К исходу двухмесячного парижского пребывания я уже не думал, что все здесь милы и вежливы, к хорошему быстро привыкаешь, лица стали мне казаться столь же усталыми и неприветливыми, как дома, а любезность гарсонов в кафе и продавщиц в магазинах уже не представлялась мне безусловной. Я старался почаще звонить в Ленинград; долгое ожидание в душном зале, усталые люди, нередко раздраженные служащие — как быстро я забыл, что такое ожидание у нас, что такое раздраженные сотрудники нашей почты. Здесь-то в ответ на раздраженные претензии ожидающих служащая улыбалась и говорила ласково: «Что делать, все ждут…»
Я возвращался в почти пустом вагоне. В числе моих попутчиков был молодой человек с замкнуто-значительным лицом выдрессированного международного чиновника-стукача. За всю дорогу я не слышал, чтобы он произнес хотя бы одно слово. В открывшуюся как-то дверь его купе я увидел, что оно целиком — до потолка — забито картонными коробками, только вдоль дивана оставлен узкий проход.
Таможенники его не досматривали, — возможно, у него был дипломатический паспорт, да и его физиономия была красноречивей иного документа.
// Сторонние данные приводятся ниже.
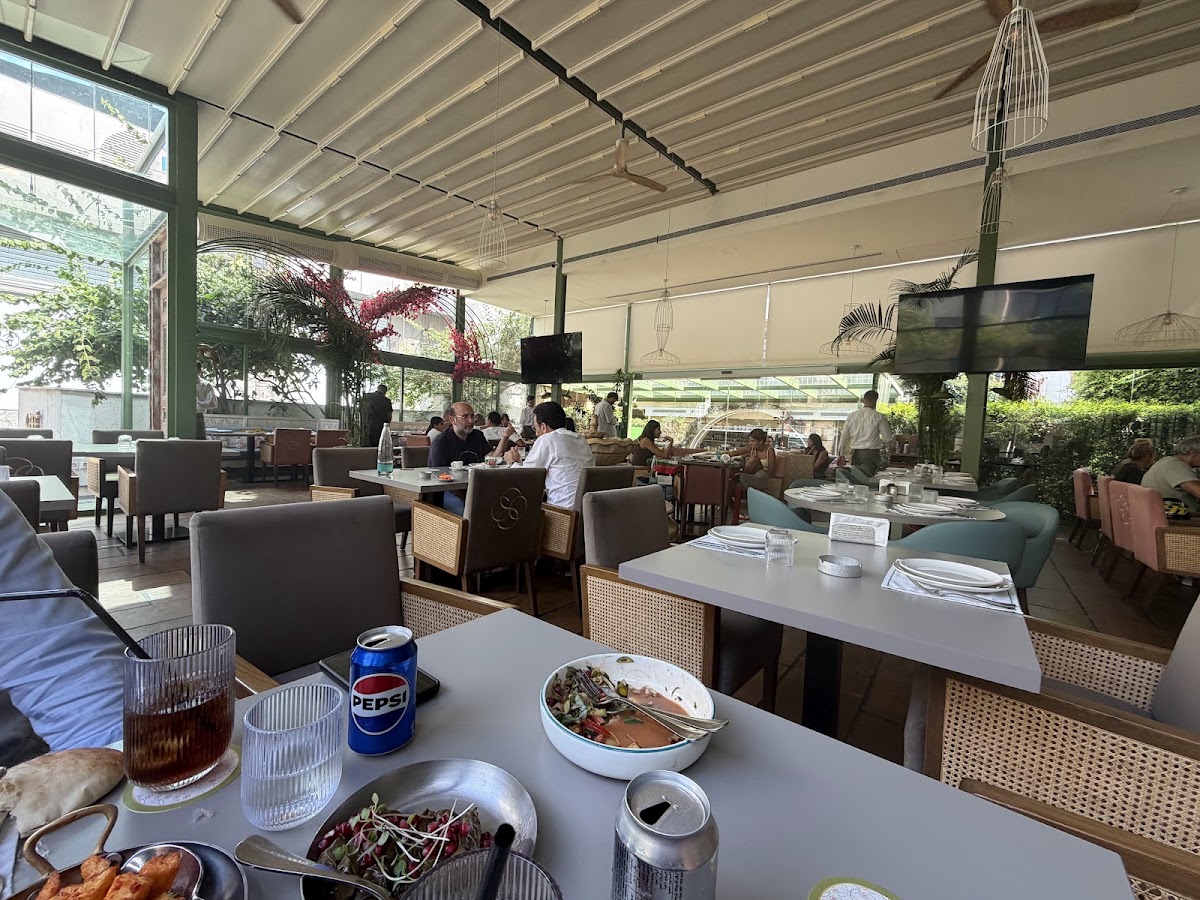 Café D'Orient — photograph 5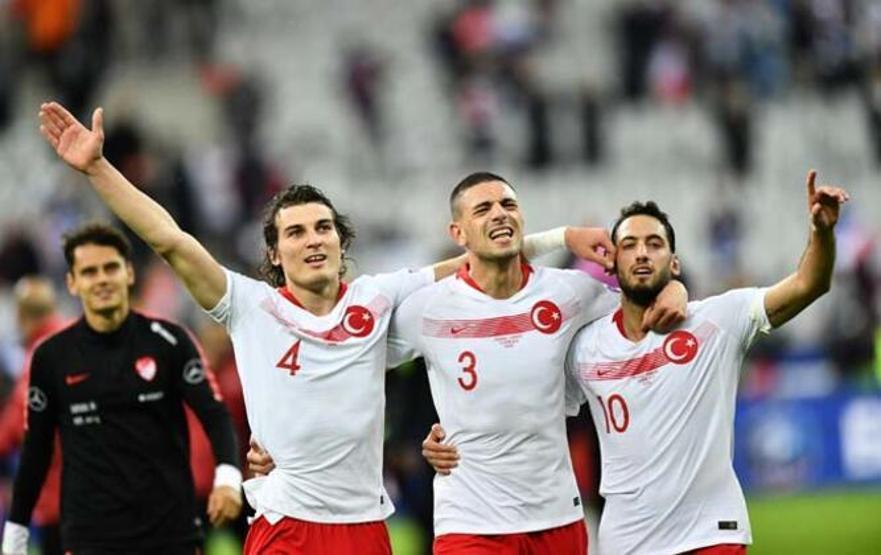 Leicester Cityden Merih Demiral atağı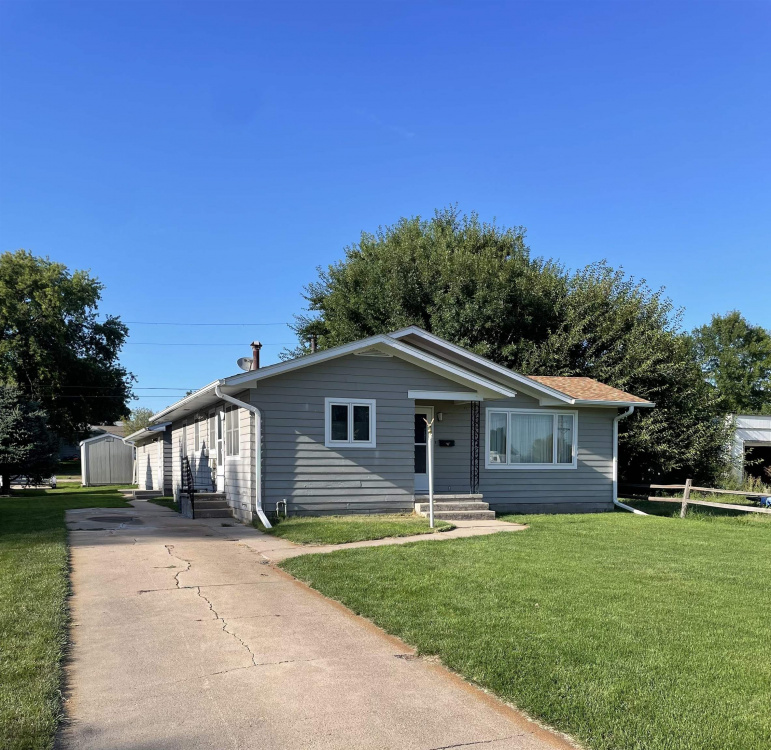 816 17th Street Gothenburg, Nebraska 69138, 3 Bedrooms Bedrooms, ,1 BathroomBathrooms,Residential,For Sale,816 17th Street,20261245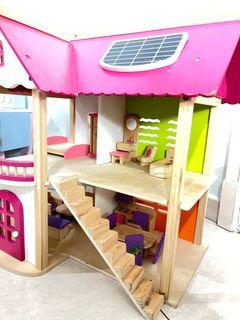 Wooden doll house set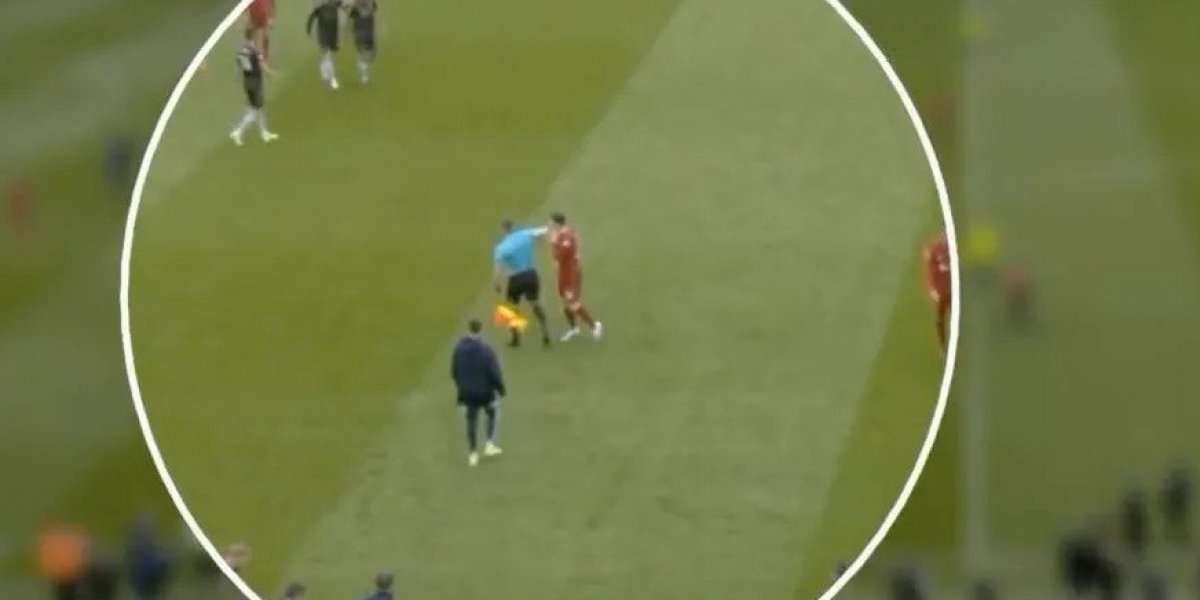 Bandeirinha dá cotovelada em Robertson, lateral-esquerdo do Liverpool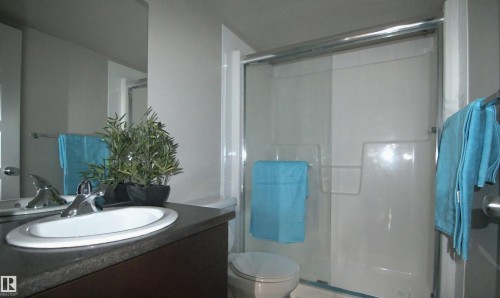 108 10518 113 Street, Edmonton, AB - Indoor Photo Showing Bathroom
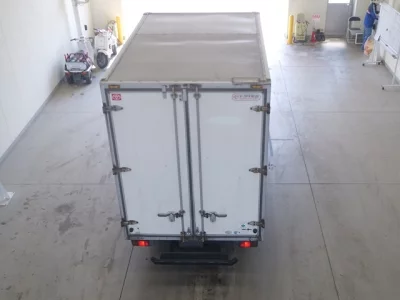 Toyota DYNA  с аукциона в Японии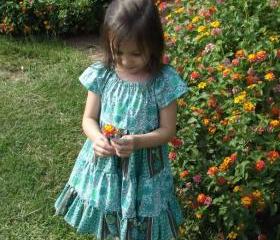 Girls Ruffled Dress size 4, short sleeves, tie sash, full twirl skirt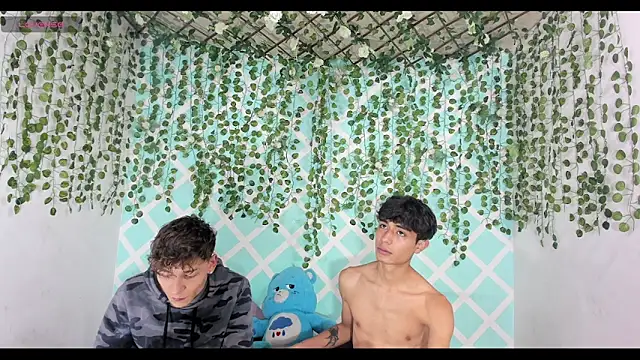 oliverhot2005 online show from January 13, 1:55 am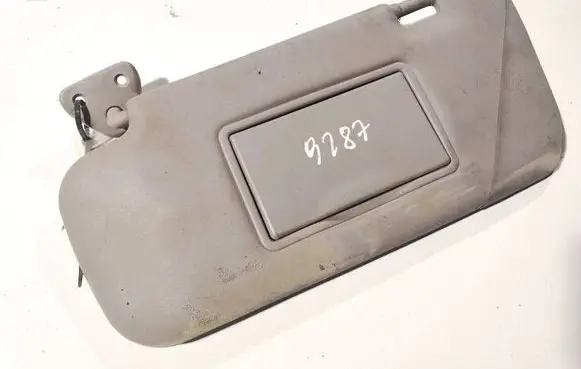 Nissan Primera Sun visor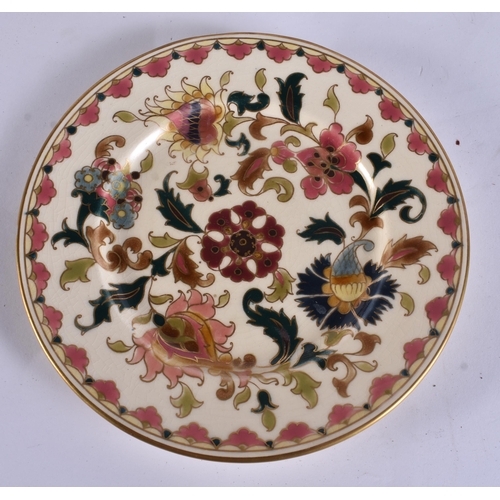 45 - AN UNUSUAL HUNGARIAN ZSOLNAY PECS TEA SERVICE painted with Islamic foliage. Largest 25 cm wide. (qty... 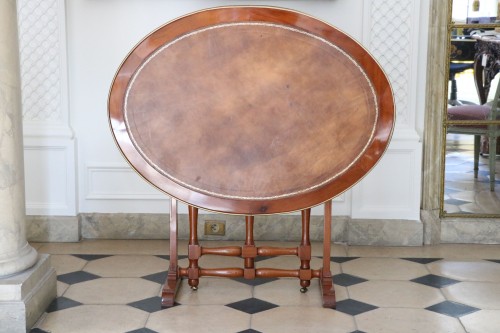 Louis XVI - Mahogany circular swivel tea table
Поймали лишь одну старушку убогой внешности, с лицом вполне добропорядочным: она и в самом деле оказалась «нарушительницей» — везла большой мешок грошовых складных зонтиков от Тати.
Надо ли говорить, что стоило мне взглянуть на лица родимых таможенников, как французы вновь показались веселыми рыцарями.
На Белорусском вокзале человека с коробками (они образовали на перроне внушительную пирамиду) встречало полдюжины сдержанно возбужденных родственников. В ожидании дележа они страстно смотрели на коробки, старательно скрывая вожделение и взаимное недоверие.